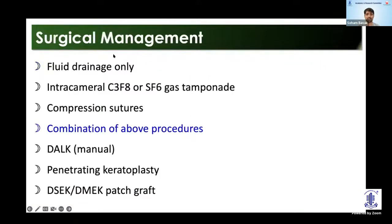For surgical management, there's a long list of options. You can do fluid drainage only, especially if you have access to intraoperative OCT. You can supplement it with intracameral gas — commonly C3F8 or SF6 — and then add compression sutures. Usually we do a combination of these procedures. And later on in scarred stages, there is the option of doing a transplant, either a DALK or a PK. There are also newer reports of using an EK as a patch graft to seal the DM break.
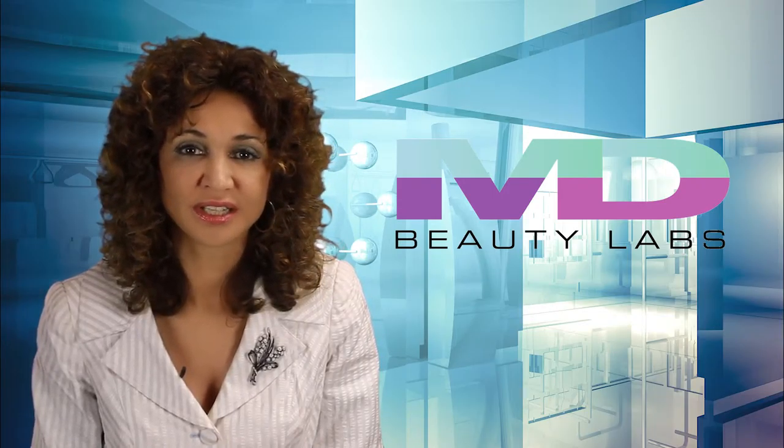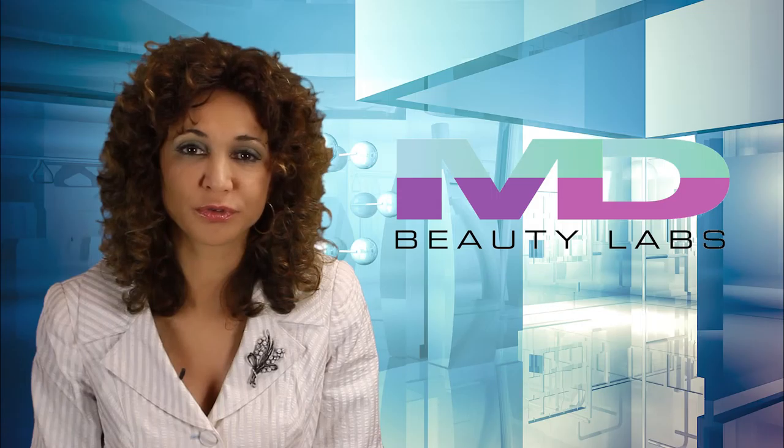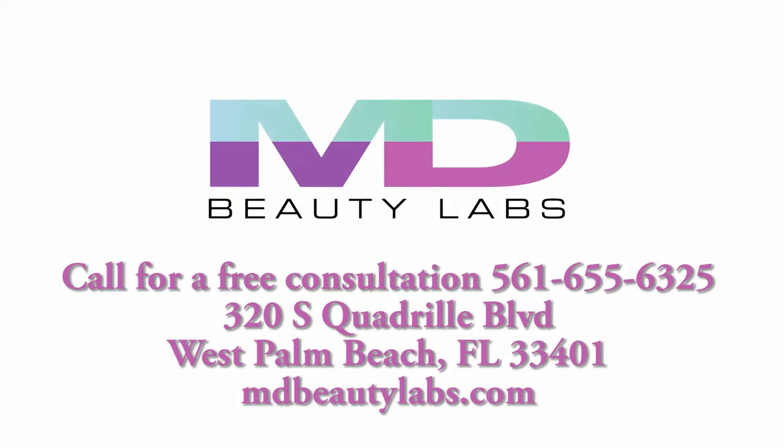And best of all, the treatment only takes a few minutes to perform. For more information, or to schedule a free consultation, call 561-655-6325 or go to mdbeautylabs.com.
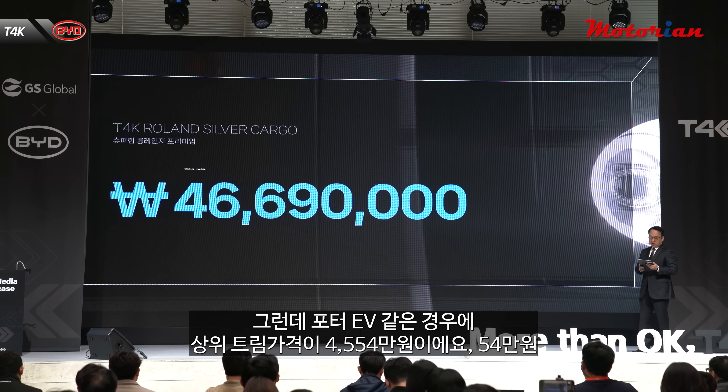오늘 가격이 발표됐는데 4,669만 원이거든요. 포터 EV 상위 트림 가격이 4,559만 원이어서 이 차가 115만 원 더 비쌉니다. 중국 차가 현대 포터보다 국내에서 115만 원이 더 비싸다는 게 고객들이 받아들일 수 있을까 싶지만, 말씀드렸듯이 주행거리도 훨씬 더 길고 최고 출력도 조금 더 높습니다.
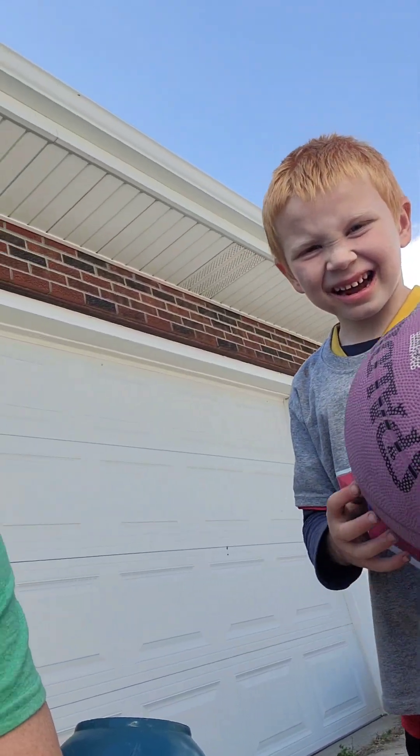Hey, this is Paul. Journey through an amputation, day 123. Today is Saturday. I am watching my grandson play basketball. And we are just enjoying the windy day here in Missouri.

■ ■ ■ ■ ■

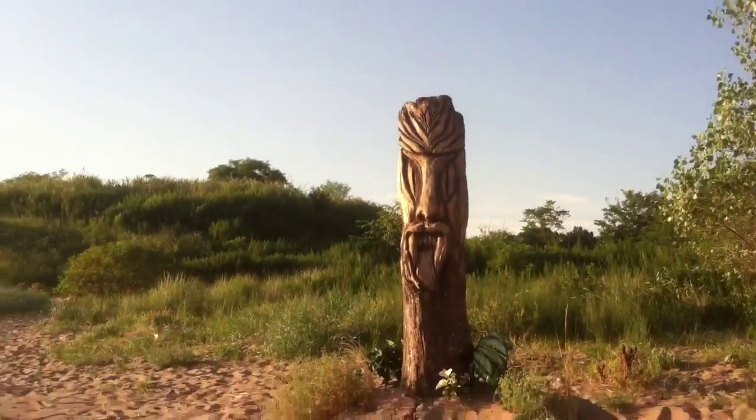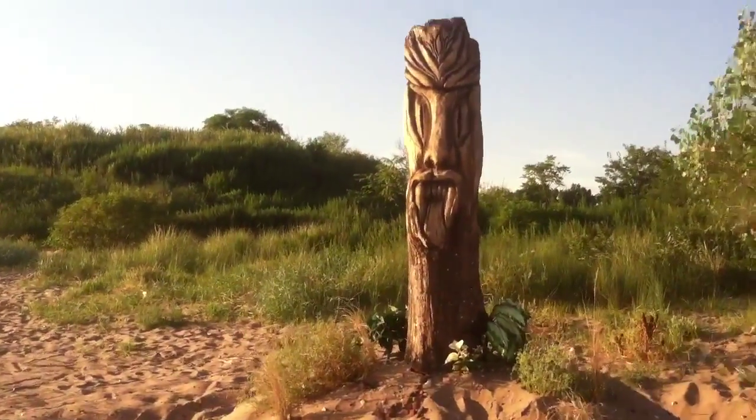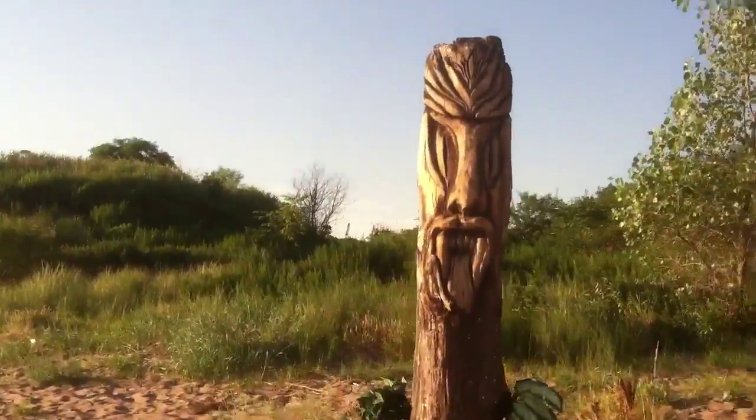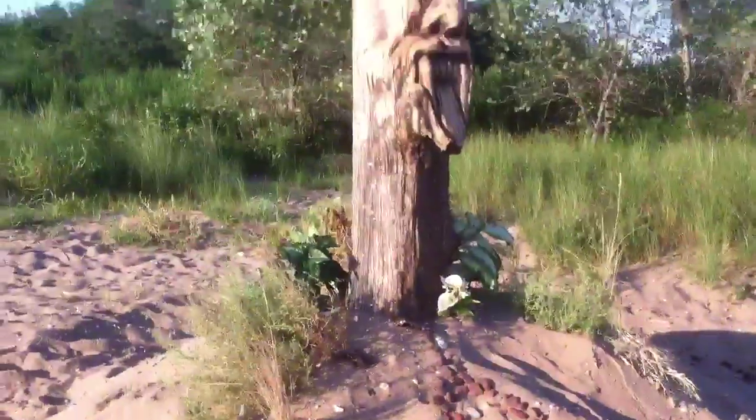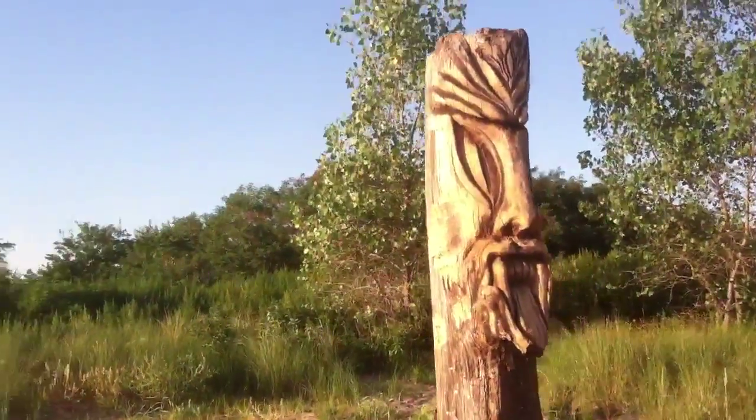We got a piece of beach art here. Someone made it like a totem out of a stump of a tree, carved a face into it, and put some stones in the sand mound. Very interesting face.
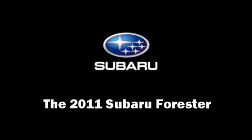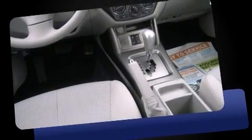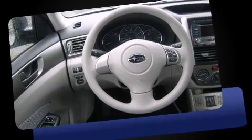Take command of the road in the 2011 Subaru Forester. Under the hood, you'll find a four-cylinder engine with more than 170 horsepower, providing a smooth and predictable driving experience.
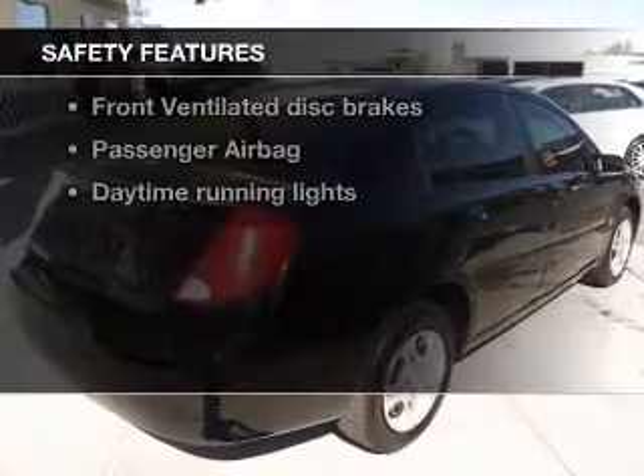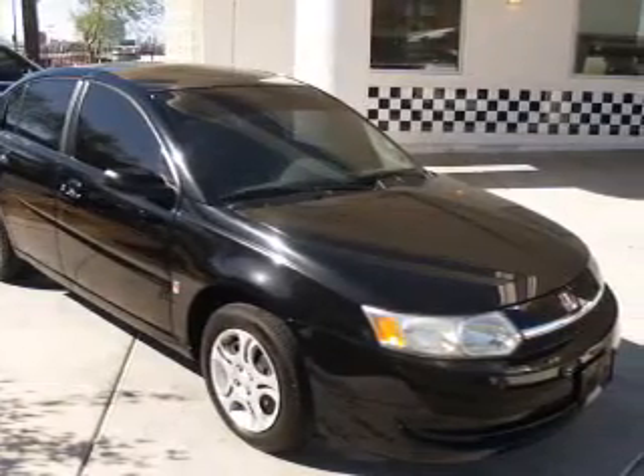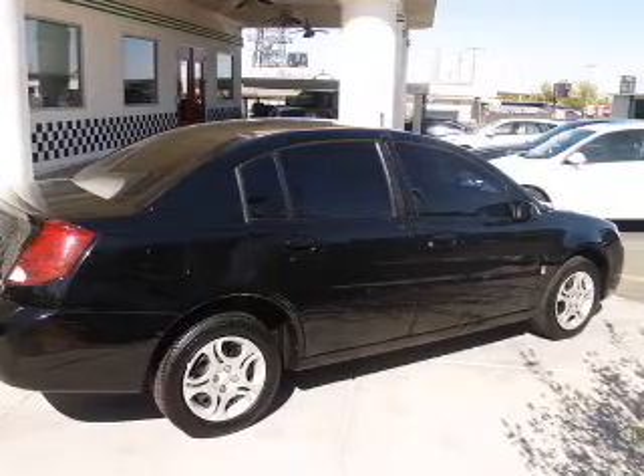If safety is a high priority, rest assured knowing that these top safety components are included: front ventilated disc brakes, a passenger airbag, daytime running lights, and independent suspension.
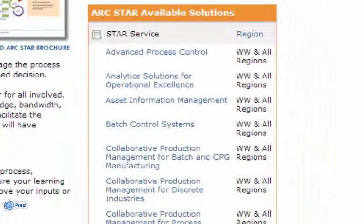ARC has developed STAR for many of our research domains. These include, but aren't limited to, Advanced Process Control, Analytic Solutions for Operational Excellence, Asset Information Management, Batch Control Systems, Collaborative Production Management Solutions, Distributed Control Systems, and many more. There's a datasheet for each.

■ ■ ■ ■ ■

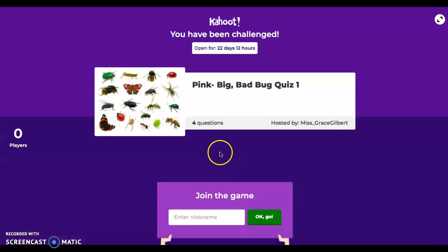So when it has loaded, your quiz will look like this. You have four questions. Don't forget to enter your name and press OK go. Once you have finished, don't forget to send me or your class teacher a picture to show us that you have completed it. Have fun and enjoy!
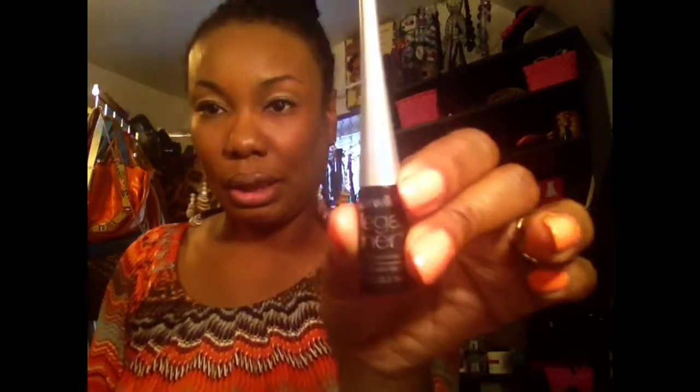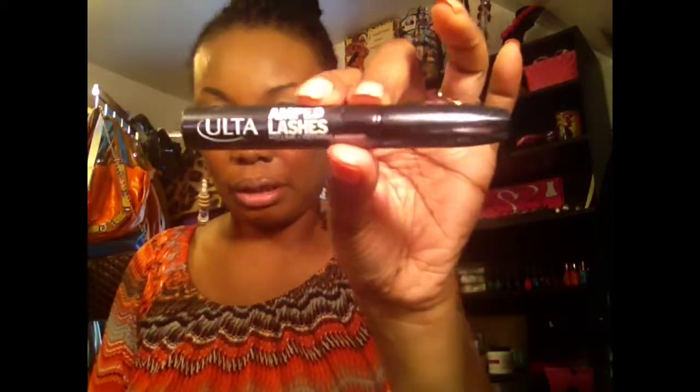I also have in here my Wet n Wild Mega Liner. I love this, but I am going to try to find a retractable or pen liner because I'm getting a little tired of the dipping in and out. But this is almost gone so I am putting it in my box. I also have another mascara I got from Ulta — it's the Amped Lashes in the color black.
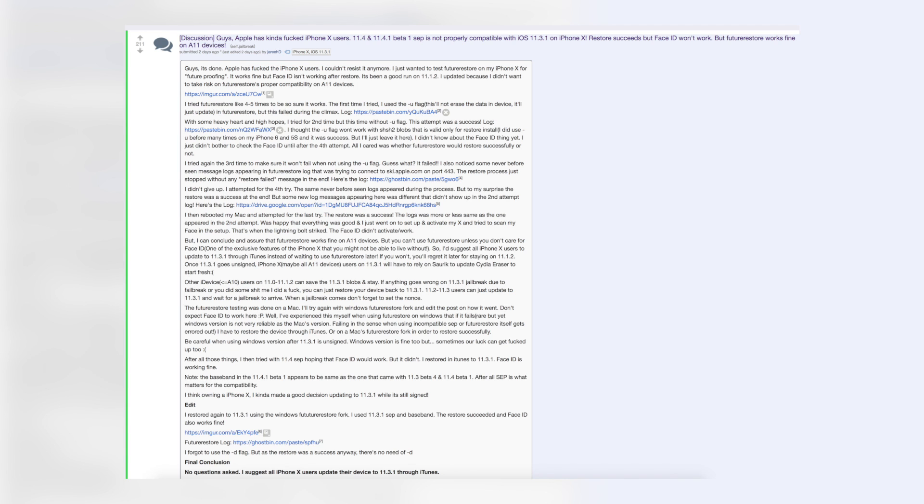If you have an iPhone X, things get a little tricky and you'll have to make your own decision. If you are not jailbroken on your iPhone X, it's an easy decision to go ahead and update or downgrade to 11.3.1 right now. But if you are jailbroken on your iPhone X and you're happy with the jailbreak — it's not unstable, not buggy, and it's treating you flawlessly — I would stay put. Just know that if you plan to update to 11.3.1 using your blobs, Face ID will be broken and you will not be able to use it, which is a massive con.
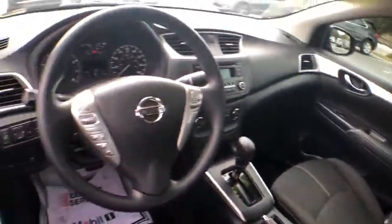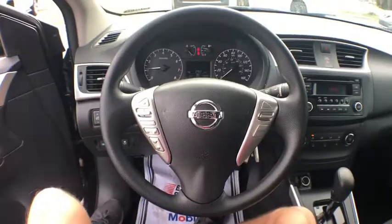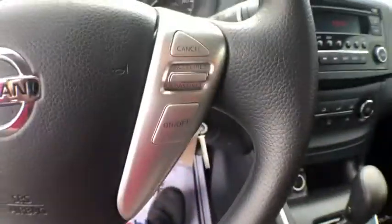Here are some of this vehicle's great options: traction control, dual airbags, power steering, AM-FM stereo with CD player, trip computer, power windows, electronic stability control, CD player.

■ ■ ■ ■ ■

### Assignment
Find the line with "For surgical management, there's" in the entries above. Set down exactly every line from it up to and including the line with "Hey, this is", images excluded.

### Response below
For surgical management, there's a long list of options. You can do fluid drainage only, especially if you have access to intraoperative OCT. You can supplement it with intracameral gas — commonly C3F8 or SF6 — and then add compression sutures. Usually we do a combination of these procedures. And later on in scarred stages, there is the option of doing a transplant, either a DALK or a PK. There are also newer reports of using an EK as a patch graft to seal the DM break.
And best of all, the treatment only takes a few minutes to perform. For more information, or to schedule a free consultation, call 561-655-6325 or go to mdbeautylabs.com.
오늘 가격이 발표됐는데 4,669만 원이거든요. 포터 EV 상위 트림 가격이 4,559만 원이어서 이 차가 115만 원 더 비쌉니다. 중국 차가 현대 포터보다 국내에서 115만 원이 더 비싸다는 게 고객들이 받아들일 수 있을까 싶지만, 말씀드렸듯이 주행거리도 훨씬 더 길고 최고 출력도 조금 더 높습니다.
Hey, this is Paul. Journey through an amputation, day 123. Today is Saturday. I am watching my grandson play basketball. And we are just enjoying the windy day here in Missouri.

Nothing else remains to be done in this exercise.